Hacker News new | ask | show | jobs
by herrherr 4396 days ago
I've been trying for weeks now to get a system running that can handle larger than RAM datasets and returns queries in an acceptable time. It's running ok now but far from optimal (size of DB is ~100 GB and it contains a few hundred million entries).

Does anyone here have experience with any implementations (such as likelike, lshkit, etc.) and can recommend something that can handle larger sets? All the implementations I have found were either not maintained, old, not running or not suitable for production use.

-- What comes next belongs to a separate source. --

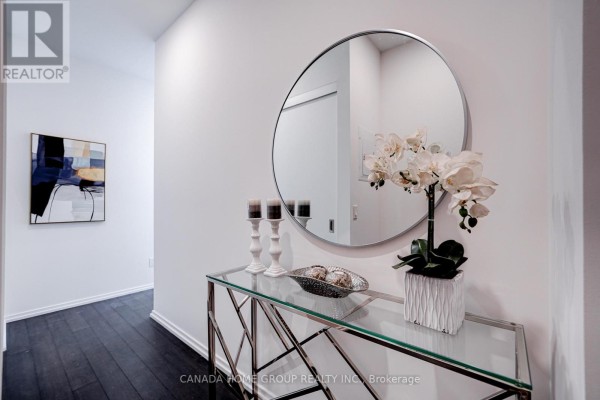 Den - 3605 - 197 Yonge Street, Toronto, ON M5B0C1 Photo 5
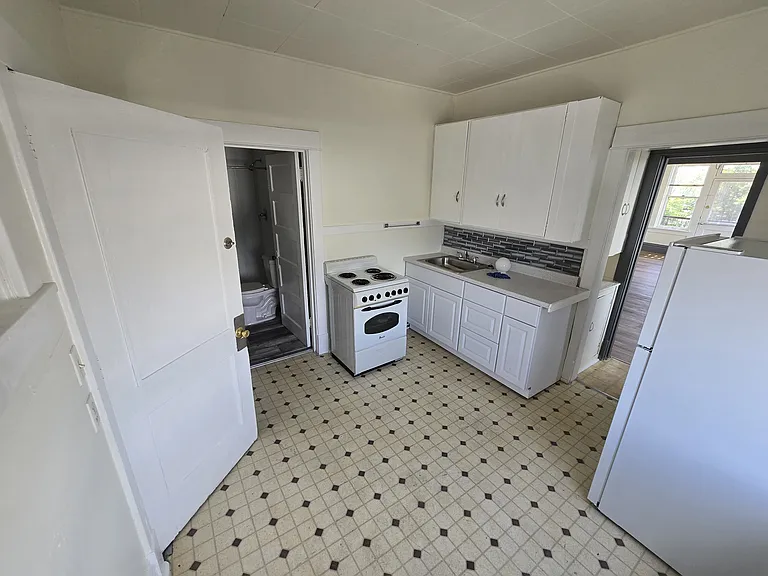 Center Point Apartments — Photo 11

Will definitely take a look at the paper but unfortunately it's always a very long way from here to an actual implementation (there is no code published as far as I could see).

2 comments

Google's simhash paper shows how to do 8 billion 64bit fingerprints in memory:

Detecting Near-Duplicates for Web Crawling (http://www.wwwconference.org/www2007/papers/paper215.pdf)

SEOMoz has in-memory and db-backed implementations of simhash in Python (https://github.com/seomoz?query=simhash)

Simhash is indeed wicked fast.

Unfortunately, it's also encumbered by a patent: http://www.google.com/patents/US7158961

I've been playing with an implementation on top of lightning mdb[1]. Your profile doesn't have an email but feel free to email me if you're interested.

[1] http://symas.com/mdb/

Actually I'm also using lmdb (together with Python/numpy) :) Added an email address to my profile, would be happy to exchange some experiences.
100GB isn't that big a deal. If you have at least 16GB of RAM it should be a breeze. There are much larger data sets in OpenLDAP in production around the world.

But I wouldn't choose python for large scale data processing work. The python CPU/memory overhead is like 100:1, compared to C. (This is why I worked on rtorrent and ditched the original bittorrent client ASAP, and why I hate bitbake....)

First of all, thanks for open sourcing lmdb :)

The biggest problem currently is actually degrading performance, although I'm almost 100% sure that this isn't caused by lmdb itself, but rather by the bindings I've tried.

In the end, doing it directly in C is probably the only thing that will actually work.